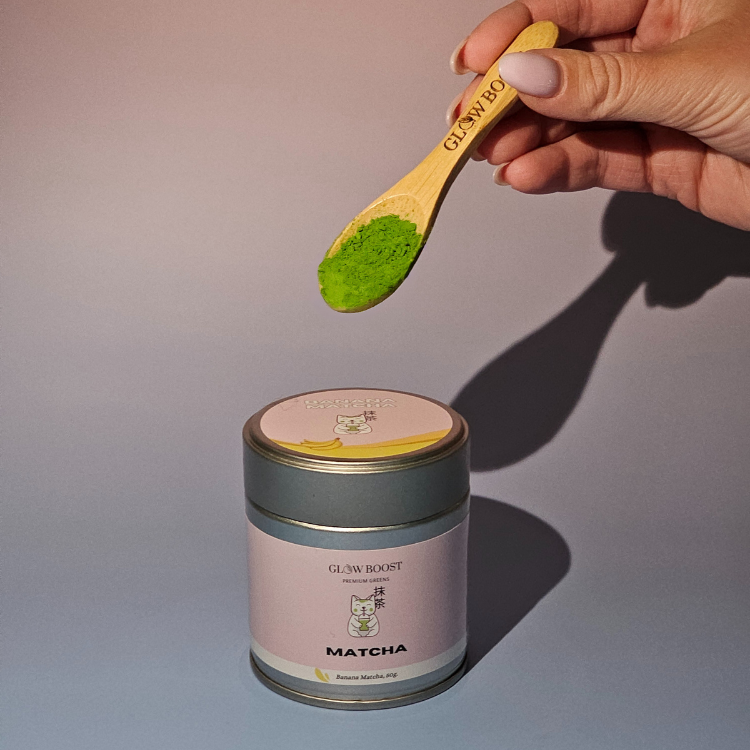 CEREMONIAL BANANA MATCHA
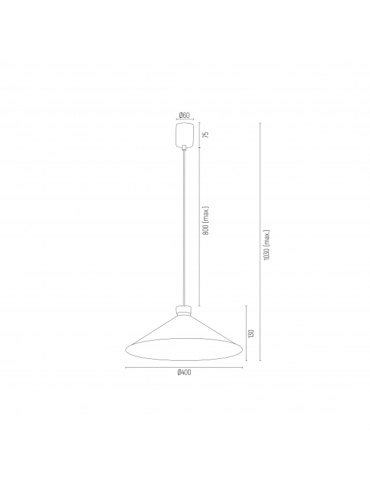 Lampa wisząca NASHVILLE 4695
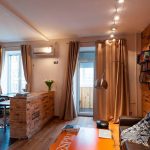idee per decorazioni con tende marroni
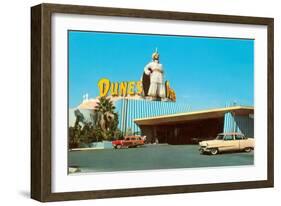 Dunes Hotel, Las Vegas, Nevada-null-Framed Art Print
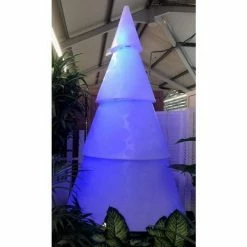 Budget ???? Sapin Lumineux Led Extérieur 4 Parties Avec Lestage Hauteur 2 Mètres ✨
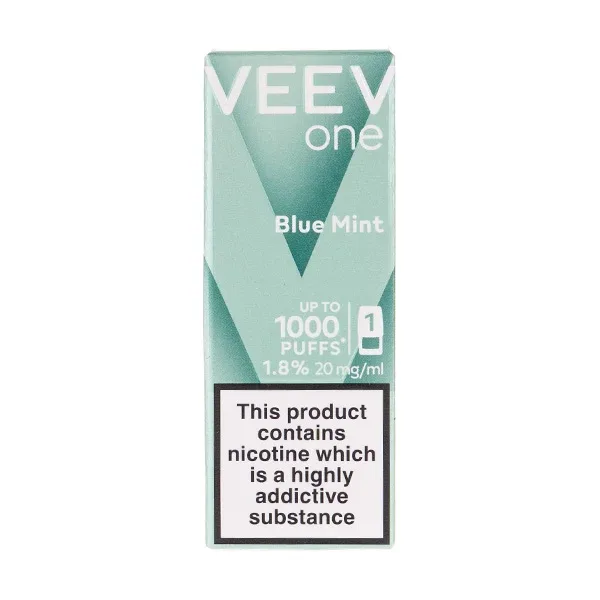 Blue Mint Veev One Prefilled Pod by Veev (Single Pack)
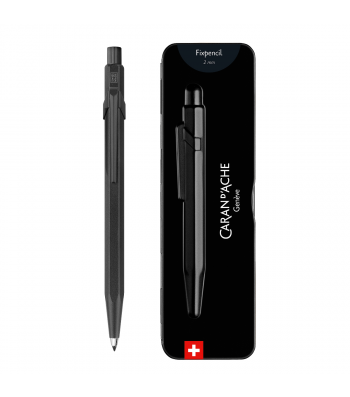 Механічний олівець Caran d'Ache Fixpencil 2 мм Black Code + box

───

◆ **To do**
Once the pictures are set aside, repeat the remaining data word for word.

◆ **Finished task**
 CEREMONIAL BANANA MATCHA
 Lampa wisząca NASHVILLE 4695
idee per decorazioni con tende marroni
 Dunes Hotel, Las Vegas, Nevada-null-Framed Art Print
 Budget ???? Sapin Lumineux Led Extérieur 4 Parties Avec Lestage Hauteur 2 Mètres ✨
 Blue Mint Veev One Prefilled Pod by Veev (Single Pack)
 Механічний олівець Caran d'Ache Fixpencil 2 мм Black Code + box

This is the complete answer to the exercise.